Claude Code Best Practices for RHDP
Managing Your CLAUDE.md
CLAUDE.md is Claude’s persistent memory. Unlike a chat prompt, it loads automatically on every session — no need to re-explain your conventions. But it only works if it’s kept lean and precise.
The File Hierarchy
Three layers load on every session, additively:
~/CLAUDE.md # Global — applies to ALL repos, ALL sessions
~/work/code/agnosticv/CLAUDE.md # Project — applies to this repo only
~/work/code/agnosticv/.claude/rules/ # Rules — always active, modular
Global ~/CLAUDE.md — rules that never change regardless of repo:
- Git commit style (no AI attribution, no feature/ prefix)
- Personal writing tone and style preferences
- Persistent workflows with trigger phrases (see Work Log example below)

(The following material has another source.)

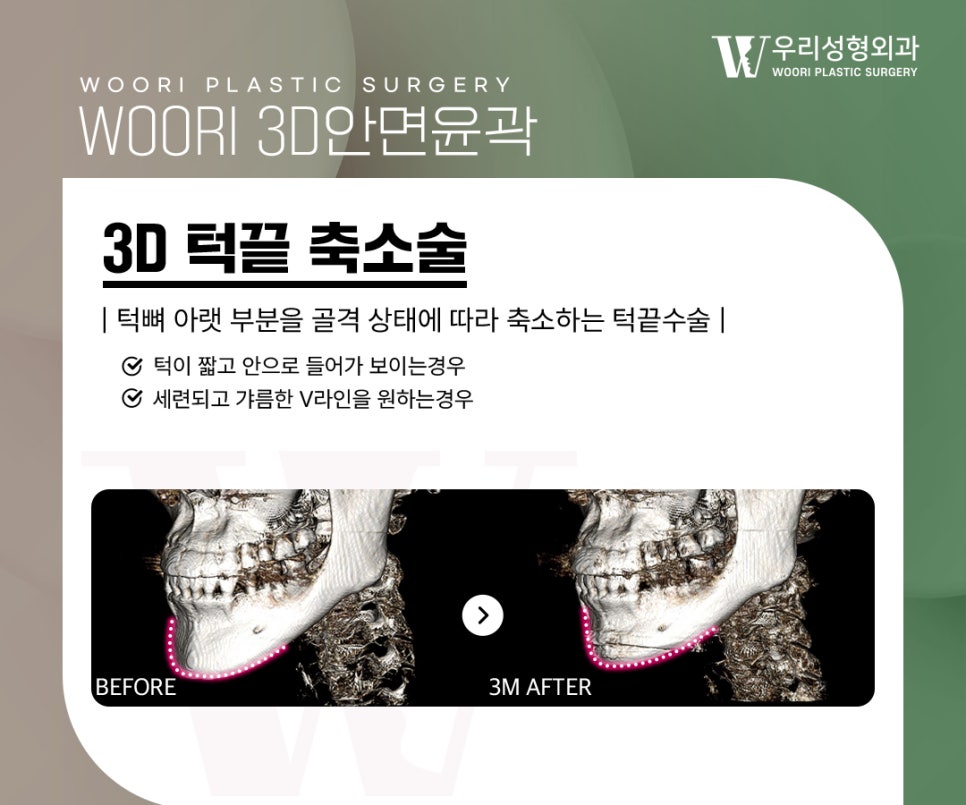 안면윤곽수술 이런 얼굴형이라면 고려해볼 수 있어요 관련 이미지 4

Project CLAUDE.md — checked into git, repo-specific:
- Directory structure and key file paths
- Validation commands (
yamllint,ansible-lint) - Naming conventions for this codebase
.claude/rules/ directory — modular, auto-load every session:
.claude/rules/
git-conventions.md # Branch naming, commit format
yaml-standards.md # YAML formatting rules
naming-conventions.md # Variable and file naming
Rules files let you split concerns without one giant CLAUDE.md. Each file loads automatically — no configuration needed.

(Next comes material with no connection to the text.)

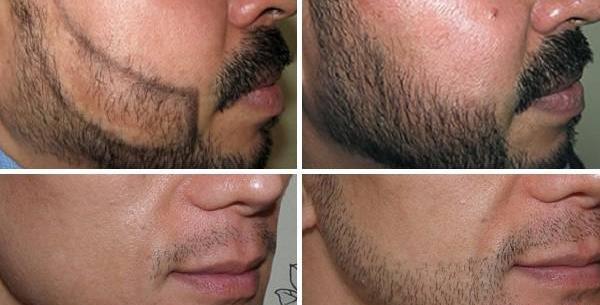 عکس کاشت ریش و سبیل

What to Include vs Exclude
Include:
- Commands Claude can’t guess (
yamllint -d relaxed,bun test) - Rules that differ from standard defaults (AsciiDoc vs Markdown,
%user%not{user}) - Repo etiquette (branch naming, no feature/ prefix, PR to main)
- Architectural decisions not obvious from the code
Exclude:
- Anything Claude can figure out by reading the codebase
- Standard language conventions Claude already knows
- Long tutorials or explanations — put them in a file and
@-import it - Frequently changing information
RHDP Repo Examples
AgnosticV CLAUDE.md:
## AgnosticV Repository
### Structure
- Catalogs: agd_v2/<category>/<name>/ (standard)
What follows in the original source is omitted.